Decisão do governo de segurar preço da gasolina reduziu a competitividade do álcool e fez o consumo cair nos últimos três anos
Por rodar com 100% de etanol (uma raridade no mundo), o "carro verde" é festejado pelo governo e por empresas. Mas o combustível alternativo está sendo deixado de lado pelo consumidor na hora de abastecer os tanques flex, em razão da falta de competitividade de preço em relação à gasolina.
Desde 2003, quando teve início a venda desse tipo de veículo, o consumo de álcool hidratado cresceu em média 32% ao ano, até atingir 16,4 bilhões de litros em 2009. No mesmo período, a gasolina apresentou elevação anual média de 2,16%.
Nos últimos três anos, enquanto o mercado adquiriu 8,8 milhões de carros flex, o consumo de álcool registrou quedas de 8,5%, 27,7% e 9,6%, respectivamente. O da gasolina, por sua vez, cresceu 17,3%, 18,7% e 11,9%, atingindo volume recorde de 39,6 bilhões de litros no ano passado.
A decisão do governo de segurar os preços da gasolina para conter a alta da inflação, além de tirar a vantagem do álcool - cujo preço precisa ser até 70% do valor da gasolina para compensar a diferença de poder energético -, está reduzindo investimentos no setor sucroalcooleiro.
"Hoje, nenhum programa de inovação tem prioridade para o etanol, nem mesmo levando-se em conta a saúde da população e o meio ambiente", diz Antonio de Padua Rodrigues, diretor técnico da União da Indústria de Cana-de-açúcar (Unica).
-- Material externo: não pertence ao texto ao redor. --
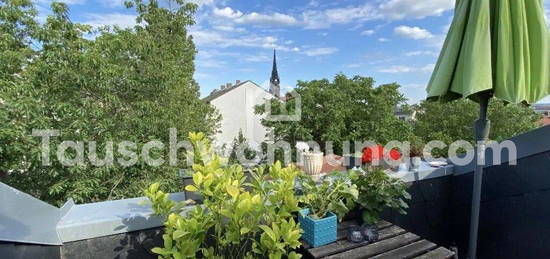 [TAUSCHWOHNUNG] Wohntraum über den Dächern der Dresdner Neustadt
Ele lembra que os automóveis flex pagam entre 2% e 7% menos Imposto sobre Produto Industrializado (IPI) que um modelo à gasolina, ainda que o derivado de petróleo seja o combustível mais frequente usado pelo consumidor. O Imposto sobre a Propriedade de Veículos Automotores (IPVA) também é menor.
Um conjunto de medidas para estimular o setor sucroalcooleiro está previsto para ser anunciado nesta semana. Na opinião de Rodrigues, o governo precisa definir uma política de longo prazo que permita a convivência dos dois combustíveis.
"O setor precisa retomar investimentos na expansão da produção e normalmente são necessários 20 anos para amortizar novos investimentos", diz Rodrigues, ao falar da urgência da sempre reivindicada definição da matriz energética brasileira.
Questão cíclica. Para Henry Joseph Jr, da Associação Nacional dos Fabricantes de Veículos Automotores (Anfavea), a indústria aprendeu que a questão do etanol é cíclica. "Há momentos em que há algum interesse político, estratégico ou econômico por parte do governo em motivar a produção do etanol", diz. "Mas, em outros, esse mesmo interesse vai a zero".
Joseph acredita que, no futuro, o governo vai voltar a se ater para a importância do setor agrícola na matriz energética, até porque ainda não se sabem exatamente os resultados efetivos que as descobertas do pré-sal terão. "Por isso, o carro flex entra como uma luva, pois deixa o consumidor isento do favorecimento ou não que o governo dá ao uso do etanol", afirma.
A discussão de transformar o etanol em commodity está adormecida. "Os dois maiores produtores, Brasil e EUA, são altamente dependentes do consumo interno, por isso o tema está parado", afirma Rodrigues. Para Joseph, essa condição só será alçada com a chegada do etanol de segunda geração (subtraído de diversas matérias-primas), que deverá elevar o consumo do produto em diversas partes do mundo. / C.S.